God has given us His Only Begotten Son born of a Virgin Mother to enrich all of our lives. God understands how much joy is to be found in the birth of a baby—especially One whose mission is to bring not only joy but salvation. Each baby that has arrived in a family’s life in this local Church has brought a host of blessings: joy, happiness, hope and renewal—but only One Baby’s Birth brings eternal life.
As we approach the Christmas Mystery this year, we do so with the residual sadness that has marked the lives of the people of Newtown, Connecticut, as parents have lost a child, lost a friend or neighbor, lost a public school teacher or administrator. At the very moment when we all joyfully praise and thank God for the babies that happen to fill our lives, we ask that same God to comfort those who have lost one of their little ones to senseless violence. We all know that the Divine Infant born at Christmas will Himself become the victim of a violent death that He willingly endured for our salvation. But that episode which will surely come in the future is not the immediate focus of the Christmas moment because the birth of a Baby is the dominant blessing that we now celebrate.
Babies are not ordinarily associated with violence and death, but this year for the people of Newtown, it will be different. Indeed for many folks throughout the United States of America and indeed the world, we will think about this tragedy that is still too present for all of us—perhaps because it stands in a long line of other recent tragedies, as yet another moment when random brutality has stunned the human heart and ruptured the peace and security of unsuspecting families.
Many people will come to church on Christmas and we warmly welcome them all—our regular worshipers and those who worship with us only occasionally. The birth of the Christ Child tends to draw people together—in families, in parishes, across cultures, races and socio-economic conditions.

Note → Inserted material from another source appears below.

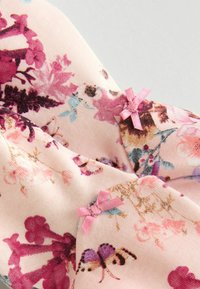Tessuto floreale in un delicato rosa, con dettagli di fiori e farfalle, impreziosito da due piccoli fiocchi rosa su ciascun lato.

The Birth of the Baby born in Bethlehem is a unifying moment in our world. This Baby was born to help us all feel closer to one another, to break down the barriers that ordinarily separate us from one another, and to create one family out of the human race. Maybe that’s why we await His Birth so anxiously because we all know what it means to be alone, isolated and estranged from other people.
May this Baby’s Birth this year be a special healing moment for all of us—especially for the families in Newtown, who this year need an exceptional expression of the love and comfort that radiates from the Baby from Bethlehem whose birth is intended to be a source of joy and salvation for us all.
Merry Christmas my dear brothers and sisters in Christ. May this healing and holy season bring each one of you peace, joy and comfort.
May 2013 be a year of hope for us all.